[Netarchivesuite-curator] Status update Netarchivet

Sabine Schostag sas at statsbiblioteket.dk
Wed May 30 14:31:58 CEST 2012


Dear all,

Here comes a short update from KB/SB (so you, Michaela, you were faster than I :) ):


·         Step 1 of broad crawl number 2/2012 was finished at the 14th of May, step 2 started with a delay of 8-9 days (we ran short of disc space).

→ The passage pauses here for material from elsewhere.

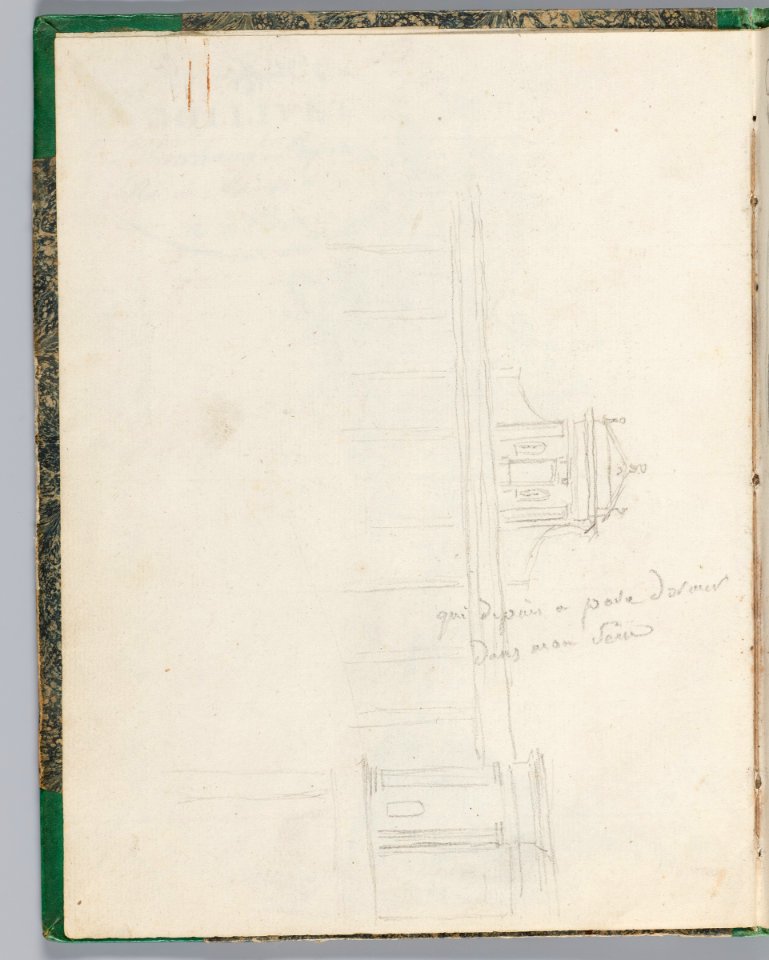 David - 1943.1815.13.57, verso Facade of a Building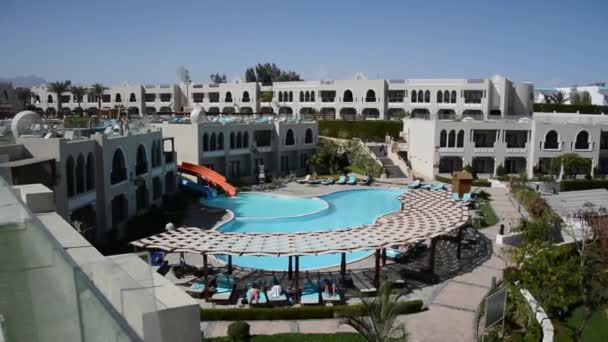 Egipt. Sharm El Sheikh. Hotel terytorium. — Wideo stockowe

About 38.000 domains are blocking for our harvesters, because our aggressive harvesting causes annoyance our even breakdowns on their servers.

·         Prior to the Heritrix 3 workshop organized by archive.org, the curators at KB/SB  will come up with a survey on our actual use of Heritrix 1 and on wishes for future functionalities.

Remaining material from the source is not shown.